M. [H] [P] et la SARL A.M. T. seront tenus in solidum à verser à la Mme [N] [W] épouse [M] la somme de 3000 euros au titre de l’article 700 du code de procédure civile.
La demande de M. [H] [P] au titre des frais irrépétibles sera rejetée.
M. [H] [P] sera condamné à verser à Mme [N] [W] épouse [M] la somme de 3000 euros, et il conviendra de fixer au passif de la SARL A.M. T. la somme de 3000 euros à ce titre.
PAR CES MOTIFS
Le tribunal,
DEBOUTE Mme [N] [W] épouse [M] de sa demande de communication d’attestation d’assurance sous astreinte
ORDONNE la résolution de la vente du véhicule HYUNDAI SATELLITE 2.5 CRDi 170 Pack [Localité 1] 8 places immatriculé DN 392 BC
CONDAMNE M. [H] [P] à verser à Mme [N] [W] épouse [M] la somme de 12 990 euros en remboursement du prix de vente
DIT que M. [H] [P] sera tenu, après complet remboursement, de récupérer le véhicule HYUNDAI SATELLITE 2.5 CRDi 170 Pack [Localité 1] 8 places immatriculé DN 392 BC
DIT que M. [H] [P] et la SARL A.M. T. seront tenus in solidum à indemniser Mme [N] [W] épouse [M] des préjudices suivants :
10 000 euros au titre du préjudice de jouissance927,03 euros au titre de l’assurance du véhicule252 euros au titre des frais de transfert du véhicule668 euros au titre des coûts de l’expertise amiable
CONDAMNE M. [H] [P] à verser à Mme [N] [W] épouse [M] les sommes suivantes :
10 000 euros au titre du préjudice de jouissance927,03 euros au titre de l’assurance du véhicule252 euros au titre des frais de transfert du véhicule668 euros au titre des coûts de l’expertise amiable
FIXE au passif de la liquidation judiciaire de la SARL A.M. T. les sommes suivantes :
10 000 euros au titre du préjudice de jouissance927,03 euros au titre de l’assurance du véhicule252 euros au titre des frais de transfert du véhicule668 euros au titre des coûts de l’expertise amiable
REJETTE la demande de dommages et intérêts formulée par M. [H] [P] à l’encontre de la SARL A.M. T.

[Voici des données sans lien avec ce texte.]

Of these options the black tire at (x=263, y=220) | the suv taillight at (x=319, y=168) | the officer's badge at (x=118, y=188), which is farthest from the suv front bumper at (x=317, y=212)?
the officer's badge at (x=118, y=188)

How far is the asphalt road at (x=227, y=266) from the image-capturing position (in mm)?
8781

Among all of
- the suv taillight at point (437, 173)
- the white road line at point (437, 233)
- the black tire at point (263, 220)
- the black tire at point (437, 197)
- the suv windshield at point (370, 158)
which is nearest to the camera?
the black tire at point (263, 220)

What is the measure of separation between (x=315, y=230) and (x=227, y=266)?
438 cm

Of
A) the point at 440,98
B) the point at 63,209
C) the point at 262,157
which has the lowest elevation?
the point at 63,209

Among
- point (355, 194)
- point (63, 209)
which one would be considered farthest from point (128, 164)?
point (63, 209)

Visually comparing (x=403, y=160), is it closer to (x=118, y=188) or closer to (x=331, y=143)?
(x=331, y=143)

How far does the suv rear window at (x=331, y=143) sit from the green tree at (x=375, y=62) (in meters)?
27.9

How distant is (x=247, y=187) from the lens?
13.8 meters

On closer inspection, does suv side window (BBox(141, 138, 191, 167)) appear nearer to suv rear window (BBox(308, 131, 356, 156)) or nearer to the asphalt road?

REJETTE la demande de M. [H] [P] de se voir garantir de toute condamnation prononcée à son encontre par la SARL A.M. T.
REJETTE les demandes de M. [H] [P] à l’encontre de SELARL MJ SYNERGIE, en la personne de Me [X] [V]
DIT que M. [H] [P] et la SARL A.M. T. seront tenus in solidum à réparation au titre de l’article 700 du code de procédure civile à hauteur de 3000 euros
CONDAMNE M. [H] [P] à verser à Mme [N] [W] épouse [M] la somme de 3000 euros au titre de l’article 700 du code de procédure civile
FIXE au passif de la liquidation judiciaire de la SARL A.M. T. la somme de 3000 euros au titre de l’article 700 du code de procédure civile
REJETTE la demande de M. [H] [P] au titre de l’article 700 du code de procédure civile
DIT que M. [H] [P] et la SARL A.M. T. sont tenus in solidum aux dépens, et ce compris le coût de l’expertise judiciaire
CONDAMNE M. [H] [P] aux dépens, et ce compris le coût de l’expertise judiciaire, dont distraction au profit Me Gaëlle PIOLOT
FIXE le montant des dépens, et ce compris le coût de l’expertise judiciaire, au passif de la SAS RENOVATION DES ALPES
AINSI JUGÉ ET PRONONCÉ AU TRIBUNAL JUDICIAIRE D’ANNECY LE VINGT DEUX AVRIL DEUX MIL VINGT SIX
Et le présent jugement a été signé par le Président et la Greffière.